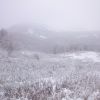 DSC 0022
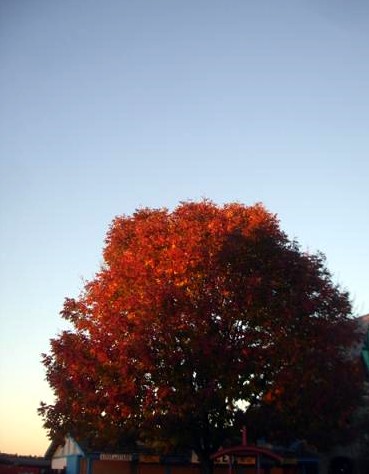 Red Tree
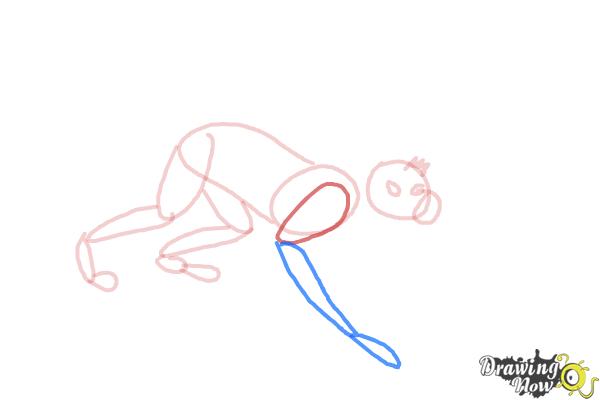 How to Draw a Spider Monkey - Step 9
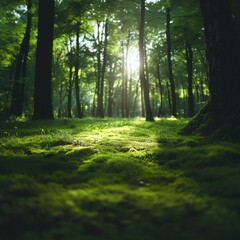 Obraz premium Sunlight streams through the dense canopy of a lush forest, illuminating the mossy forest floor.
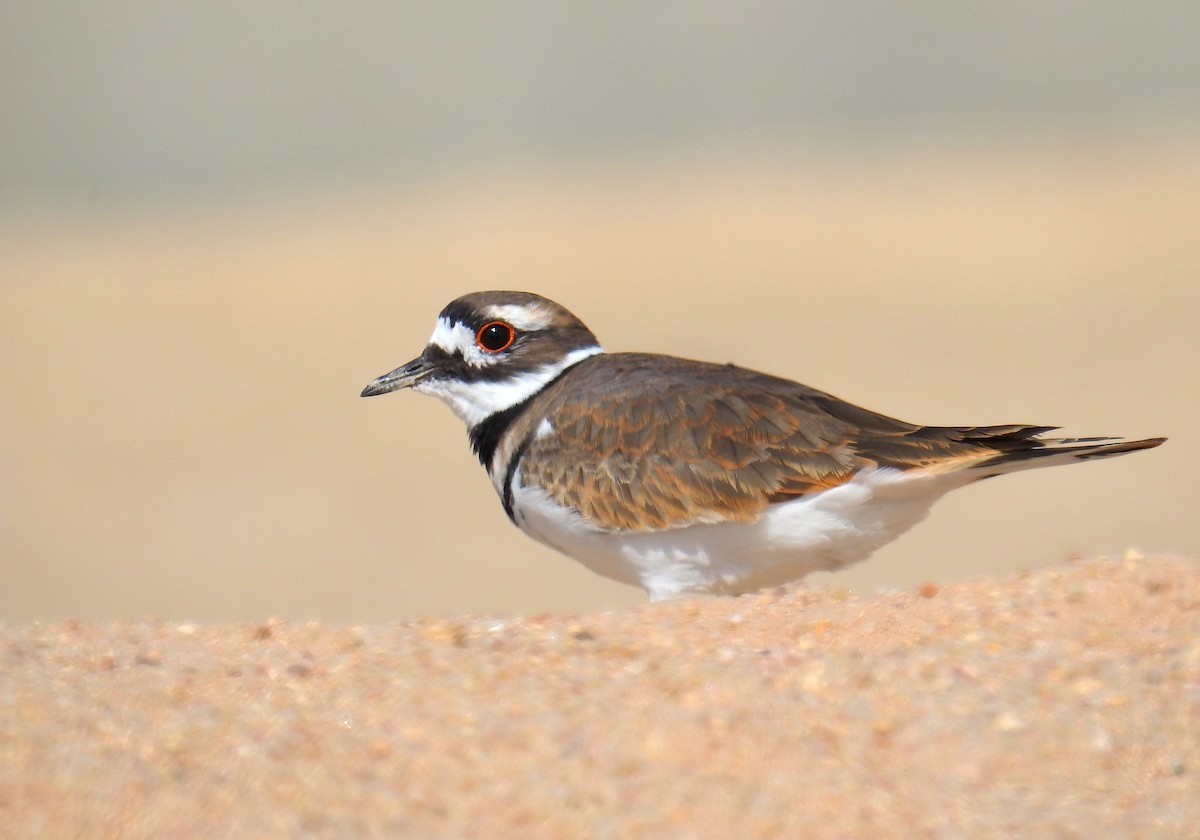 Killdeer - ML642499166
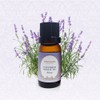 Savasana Aroma Lavender Essential Oil Base 30ml, Rose / 사바사나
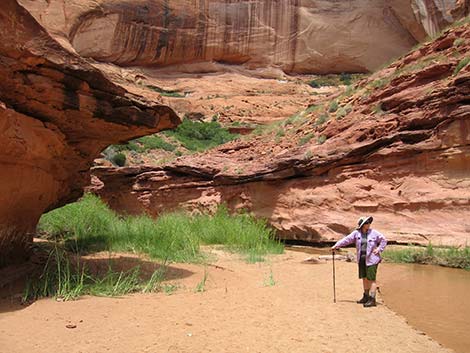 Coyote Gulch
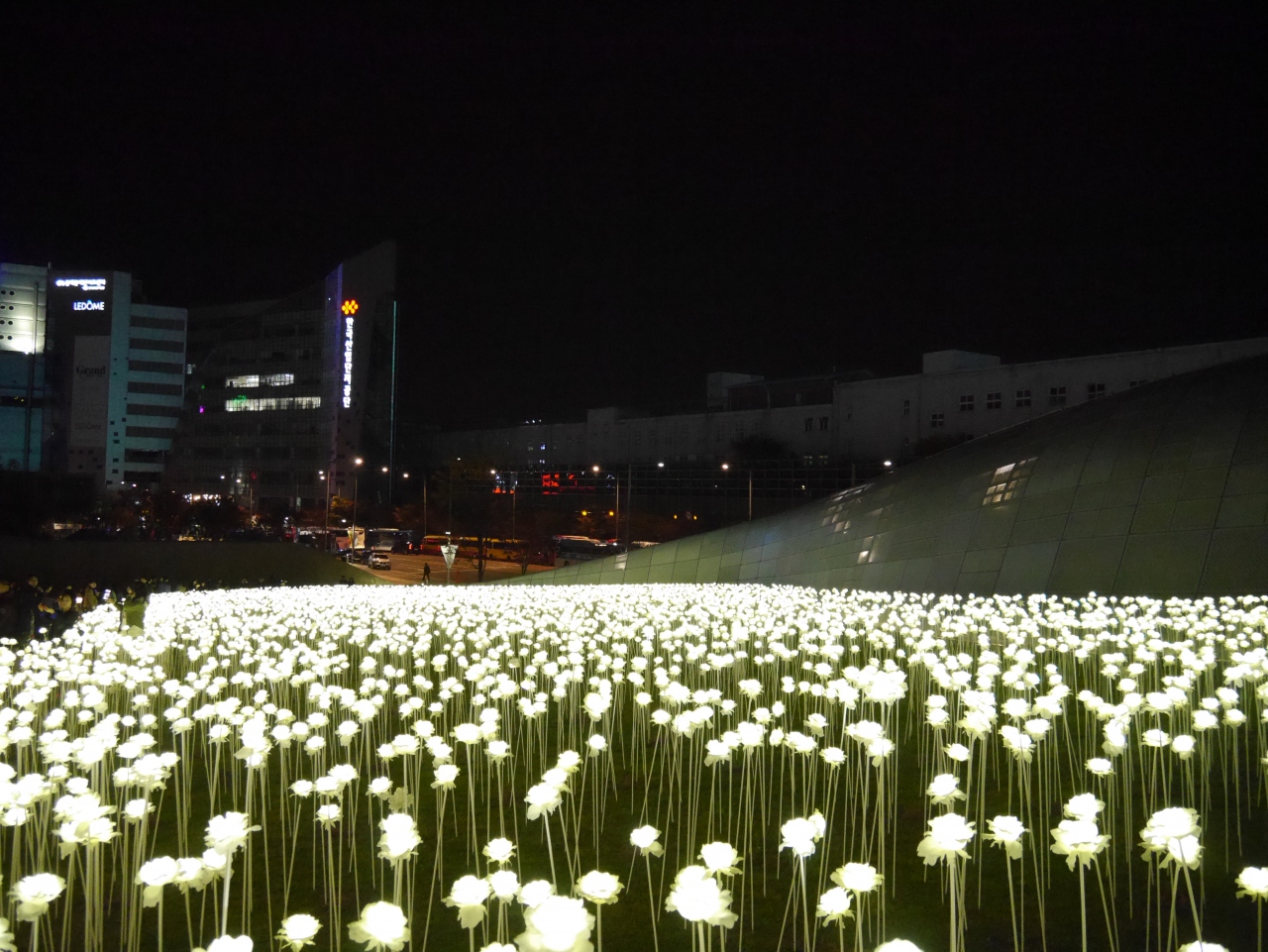 韓国36回目 東大門デザインプラザ バラの花畑 ソウル 韓国 の旅行記 ブログ By Ryo8さん フォートラベル 韓国36回目 東大門デザインプラザ バラの花畑 ソウル 韓国 の旅行記 ブログ By Ryo8さん フォートラベル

◆ **What you have to do**:
Take the line that contains "Killdeer - ML642499166" as the first and the last line of the records as the end, and please quote those lines exactly, pictures omitted.

◆ **Solved problem**:
 Killdeer - ML642499166
 Savasana Aroma Lavender Essential Oil Base 30ml, Rose / 사바사나
 Coyote Gulch
 韓国36回目 東大門デザインプラザ バラの花畑 ソウル 韓国 の旅行記 ブログ By Ryo8さん フォートラベル 韓国36回目 東大門デザインプラザ バラの花畑 ソウル 韓国 の旅行記 ブログ By Ryo8さん フォートラベル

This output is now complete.